There is no universe in which the CVE database is going to be reliable as a source of analytical data about vulnerabilities. It exists to provide a common vocabulary in discussions about specific vulnerabilities, and that is literally all it can do (& even then...). It is gamed six ways from Sunday by practitioners, and nothing is going to stop that from happening, because the project isn't staffed adequately to meaningfully adjudicate, let alone analyze, all the vulnerabilities that get filed, and nobody in the industry is remotely interested in funding such a body.
So, however valid these complaints may be, they fundamentally misconstrue the role of NVD. They're taking NVD artifacts far too seriously. I'm sure that's a reaction to incompetents in the security industry also misconstruing NVD, but the correct response to that is to dunk on those incompetents, not to attempt to hold NVD to an impossible standard.
Meanwhile, the CVSS is bad? You don't say. On this point, Stenberg's right to make noise: there is a broad (if quite shallow) belief that CVSS scores have some meaning, and they do not: they are a Ouija board that reflect the interests of whoever calculated the score, and it's easy to show pairs of sev:lo-sev:hi vulnerabilities that illustrate exactly how ridiculous the resulting scores are.
It would be better if the NVD CVE database didn't include CVSS scores; they don't work, they're unscientific, and they too hold NVD to a standard they can't possibly meet, making a lot of this their fault.
The problem is the CVE score do work in most cases. A lot of organizations still prioritize updates based on their CVE score, and don't bother with updating unless it meets a certain threshold. If it doesn't meet that threshold, then they wait until their monthly patching cycle, or don't even bother updating ever at all.

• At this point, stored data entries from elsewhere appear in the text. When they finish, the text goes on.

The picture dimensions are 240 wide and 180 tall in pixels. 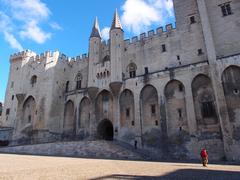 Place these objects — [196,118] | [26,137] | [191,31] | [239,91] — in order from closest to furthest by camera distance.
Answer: [239,91]
[196,118]
[191,31]
[26,137]

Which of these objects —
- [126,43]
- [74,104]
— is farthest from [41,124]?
[126,43]

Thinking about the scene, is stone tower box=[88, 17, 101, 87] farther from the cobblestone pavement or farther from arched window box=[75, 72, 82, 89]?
the cobblestone pavement

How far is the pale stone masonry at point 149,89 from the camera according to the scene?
722 inches

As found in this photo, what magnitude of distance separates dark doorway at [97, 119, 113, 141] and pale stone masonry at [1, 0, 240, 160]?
137 millimetres

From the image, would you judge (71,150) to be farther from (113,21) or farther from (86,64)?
(113,21)

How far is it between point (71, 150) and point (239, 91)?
654 inches

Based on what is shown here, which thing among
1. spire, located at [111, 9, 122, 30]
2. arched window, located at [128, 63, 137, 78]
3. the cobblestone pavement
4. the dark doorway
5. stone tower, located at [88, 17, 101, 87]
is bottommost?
the cobblestone pavement

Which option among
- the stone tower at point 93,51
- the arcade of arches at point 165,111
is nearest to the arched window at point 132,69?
the arcade of arches at point 165,111

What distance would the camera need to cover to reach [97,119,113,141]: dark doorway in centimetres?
2612

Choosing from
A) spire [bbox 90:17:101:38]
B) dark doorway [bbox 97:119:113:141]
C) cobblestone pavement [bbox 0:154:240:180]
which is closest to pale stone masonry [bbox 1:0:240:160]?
dark doorway [bbox 97:119:113:141]

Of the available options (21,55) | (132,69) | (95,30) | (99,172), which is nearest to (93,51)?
(95,30)

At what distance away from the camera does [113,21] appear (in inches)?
1171

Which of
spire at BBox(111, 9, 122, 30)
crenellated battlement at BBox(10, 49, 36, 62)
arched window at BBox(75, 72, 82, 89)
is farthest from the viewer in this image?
crenellated battlement at BBox(10, 49, 36, 62)

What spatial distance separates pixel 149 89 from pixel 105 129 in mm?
9133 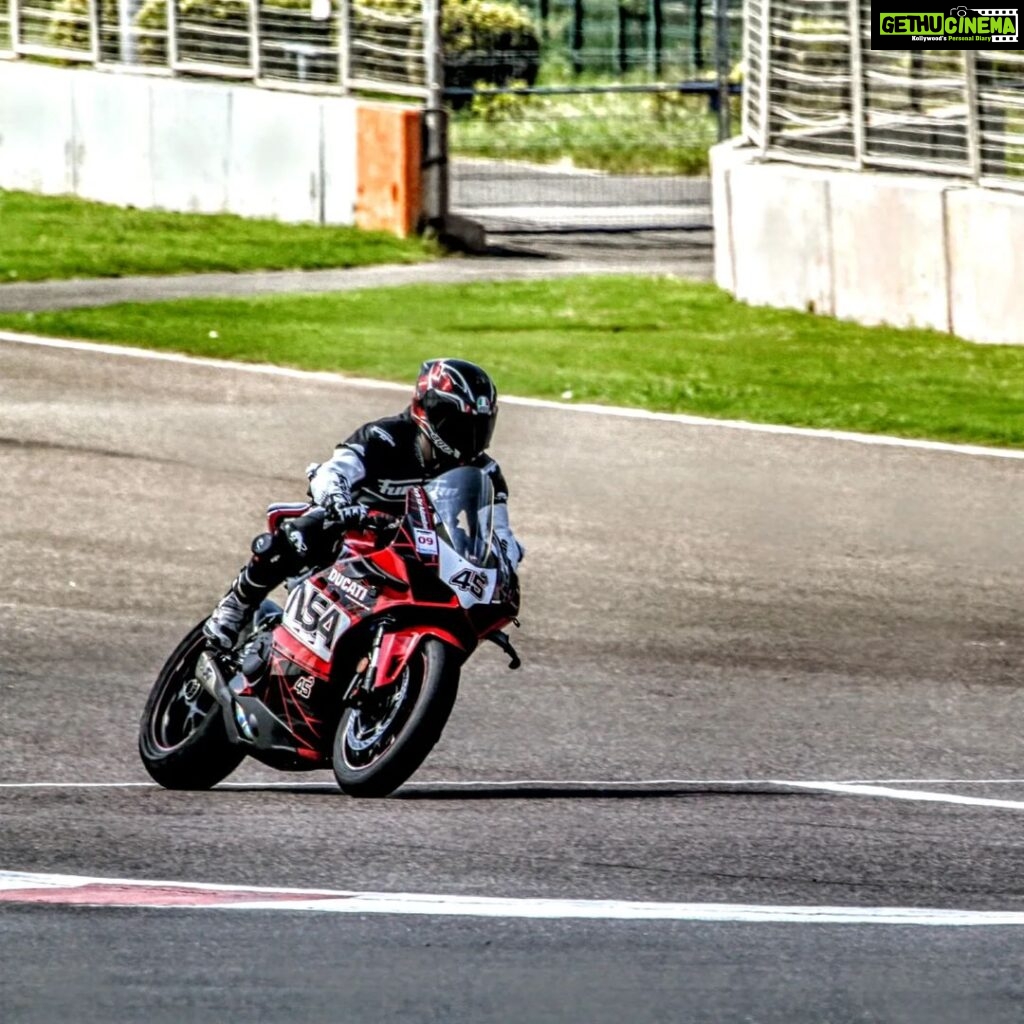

Until that culture is fixed/adjusted, having a scoring mechanism that is easy enough for manager/executive type people to easily understand risk without any technical knowledge is important. Way easier to argue for an emergency patch/downtime that could cost money when there is a big scary 9 associated with it. And so if the scoring is off and not accurately representing risk, let's work to improve those scores, rather than getting rid of them.
Plus, there is a reason environmental scores exist in the CVSS mechanizm, as it allows for folks to adjust the CVE number to better fit their environment and specifications. I'd personally rather see more CVEs appear and be tracked quickly for easier referencing and discussing, with a slightly adjusted formula to better reflect severity.
> The problem is the CVE score do work in most cases. A lot of organizations still prioritize updates based on their CVE score, and don't bother with updating unless it meets a certain threshold. If it doesn't meet that threshold, then they wait until their monthly patching cycle, or don't even bother updating ever at all.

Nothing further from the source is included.